*** Opening Supplied entries ***

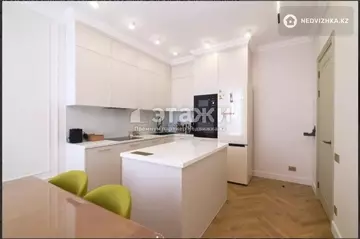 3-комнатная квартира, этаж 8 из 9, 95 м²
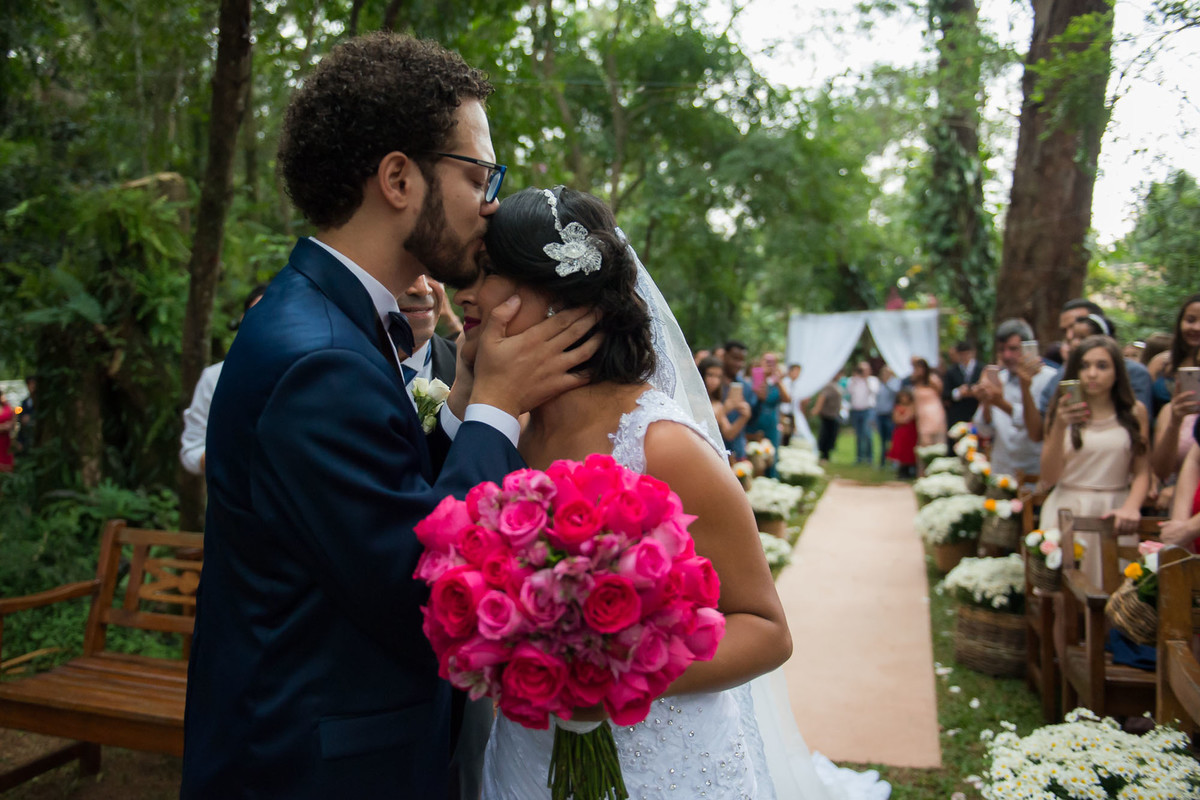 noivo recebendo a noiva com um beijo na testa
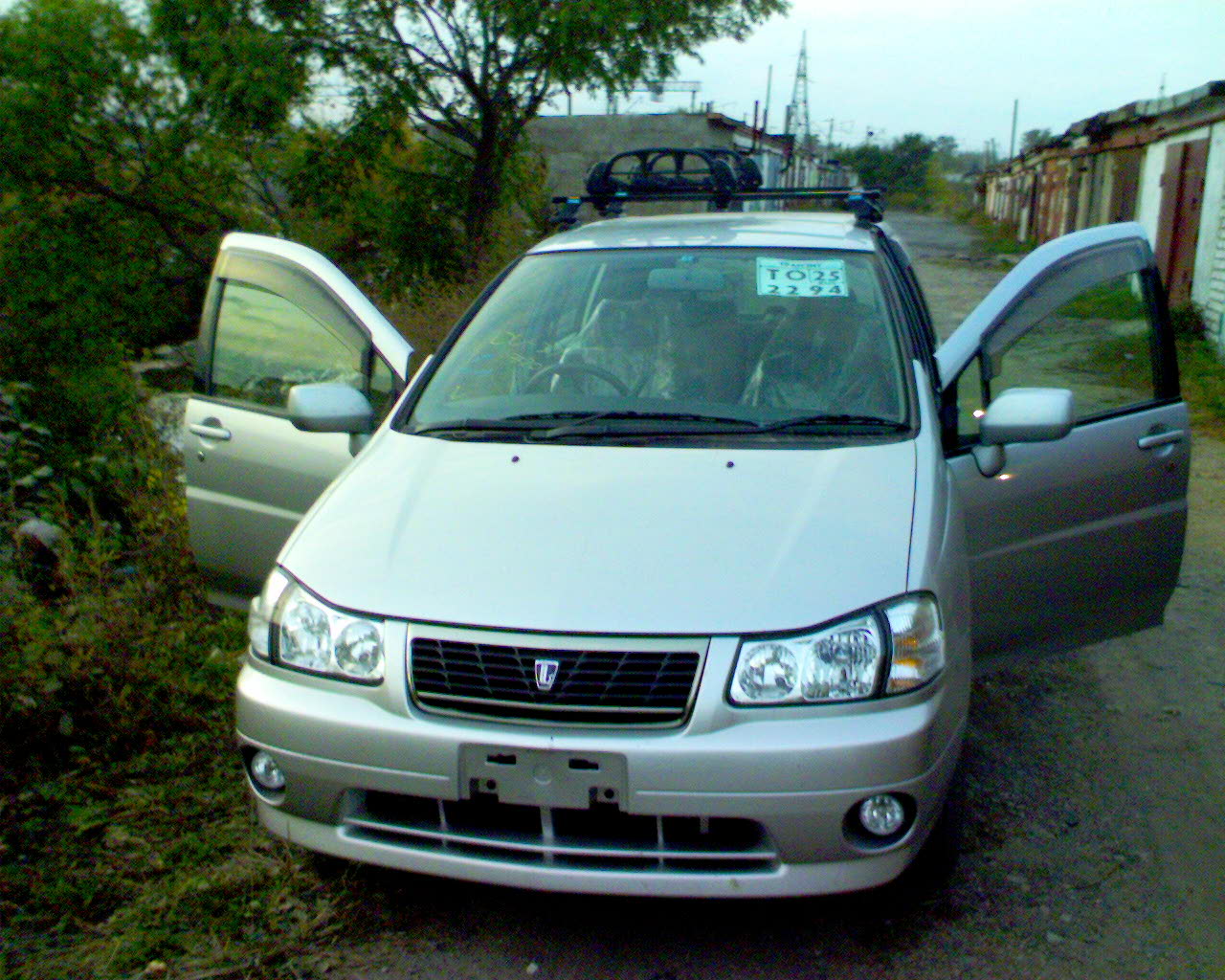 1999 Nissan Liberty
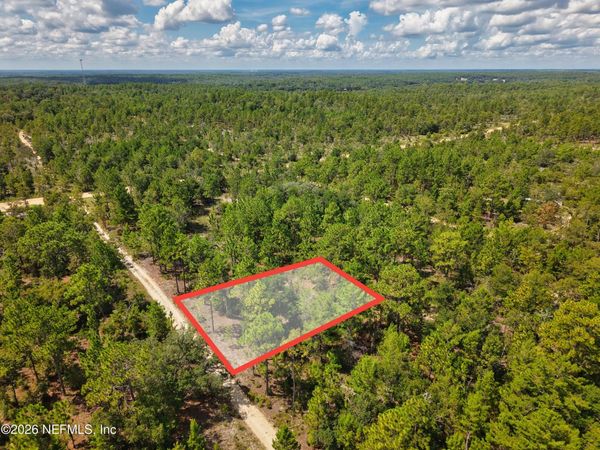 215 CONNECTICUT Drive, Hawthorne, FL 32640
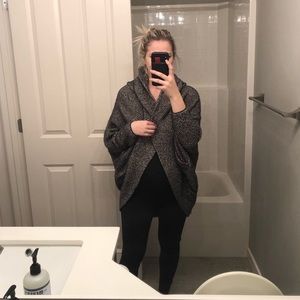 Zara hooded sweater with pockets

*** Closing Supplied entries ***

* Instructions for the task: With the pictures removed, return all the entries exactly.

* Answer to this exercise:
 3-комнатная квартира, этаж 8 из 9, 95 м²
 noivo recebendo a noiva com um beijo na testa
 1999 Nissan Liberty
 215 CONNECTICUT Drive, Hawthorne, FL 32640
 Zara hooded sweater with pockets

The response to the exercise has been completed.